With the graphic communications industry irrevocably bent on exciting the interest of consumers of video games and numbskull movies and has been holistically committed to promoting materialism, the literary culture is carried forward only by a legacy that is increasingly neglected.

There’s actually a greater danger with this than declining rates of graduation, literacy and the aesthetics of a culture led by bumbling, apologetic, fools. This aspect is but the icing on the cake. The greater problem, however, can be seen in the growth of a political class of ardent ignoramuses committed to archaic superstitions like virgin birth and biblical literalism. The greater problem stems from the fact that all that we each know, we know in language–literally, a thing that can’t be named does not exist. While a great number of such distinctions can be drawn in an oral tradition associated with graphic images, this collection of ideas, for most people would place them in or around the 12th century A.D., not exactly an age of enlightenment.

But the more complex relationships and distinctions are made in more sophisticated literature that names higher concepts about how we perceive the world. Since illusions that are shared by a linguistic population constitutes their culture, the interpretations of language, concretizes the illusions that define the culture, and see what we have become.

On a macro scale, there is another problem with the growth of illiteracy coupled with graphic media proscribed by materialist philosophy: Over the span of perhaps several millions of years, human language came to embody the logic of how we think and altered the structure of our brains, particularly the left half of our brains and how the two halves interact: parts of human organic machinery that contains the traits that distinguish human being from all other forms of life.
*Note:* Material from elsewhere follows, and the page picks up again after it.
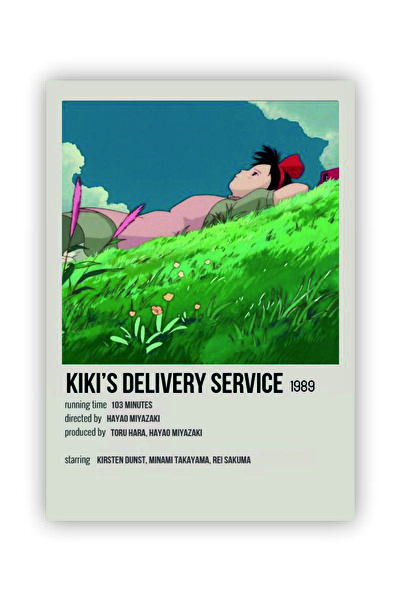 Kiki's Delivery Service Anime Info Card Minimalist Poster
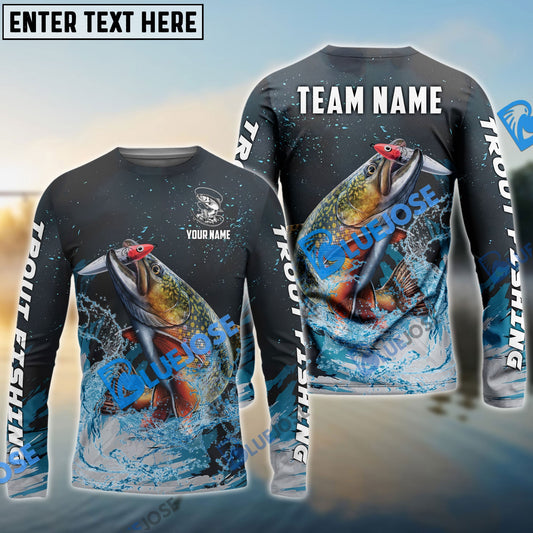 Frenzidea Trout Fishing Dark Blue Sport Custom Name & Team Name 3D Shirts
What we are is defined in how we relate to language and it’s words.

We notice that people from different linguistic cultures appear to think differently, while polyglots, chess masters and musicians and others, who have learned to think in at least one complex language in addition to their native tongues show greater facility for analysis and synthesis, all else being equal. Synthesis is creativity. Over the next few generations, because of digital media our languages and the legacy they contain will become a domain forgotten by all but a few, eventually resulting in changes in the hard-wiring of the human brain and what defines human being will  change, regressively. What you don’t use, you lose.

An example of this effect is a side effect of the de-literazation of the American people: The future of civilization will continue to follow trends that are contrary to the current hyperbole of technology development. Until recently, innovations in technology were hallmarks of progress in western civilization but we have reached a point where the eastern linguistic intellect has challenged our entrepreneurial authority and won and thus changed the direction of economic development in favor of eastern models.

If it is true that students in higher education are unwittingly attending vocational trade schools like the one I attend (AAU) to acquire skills for which there will be no trade, what will they do? Do they now aspire to work in the literary continuum, a tradition almost unnoticed in the excitement about the imagined electronic future? Is the 0.8% completion rate a result of our failure to nurture their motivation with substance? What do completion statistics tell us about inspiring creativity in our students? What leads to better and more employment opportunities for graduates?

Where have the jobs gone? Why?

Global economics is a zero sum game and even though the logic of this means that the economic growth model is a myth, while a growing crowd of the discontented is actively protesting national and international economic conventions, politicians and economists are still judging the state of economics in terms of economic growth, as if they could balance the outsourcing of U.S. production to Asia by something other than returning production here. As long as Walmart, Amazon, GM and Sony sell products (including media) produced in India and China, places that are using profoundly dangerous nuclear energy and paying wages that are a small fraction of salaries here, our suppliers will continue to increase their holdings as our creditors. Since the cost of living here is artificially higher and inflation is worsened by every dollar we print, there is no hope of competing with Asian labor cost and even in the area of electronic media we will see fewer media job opportunities in the U.S.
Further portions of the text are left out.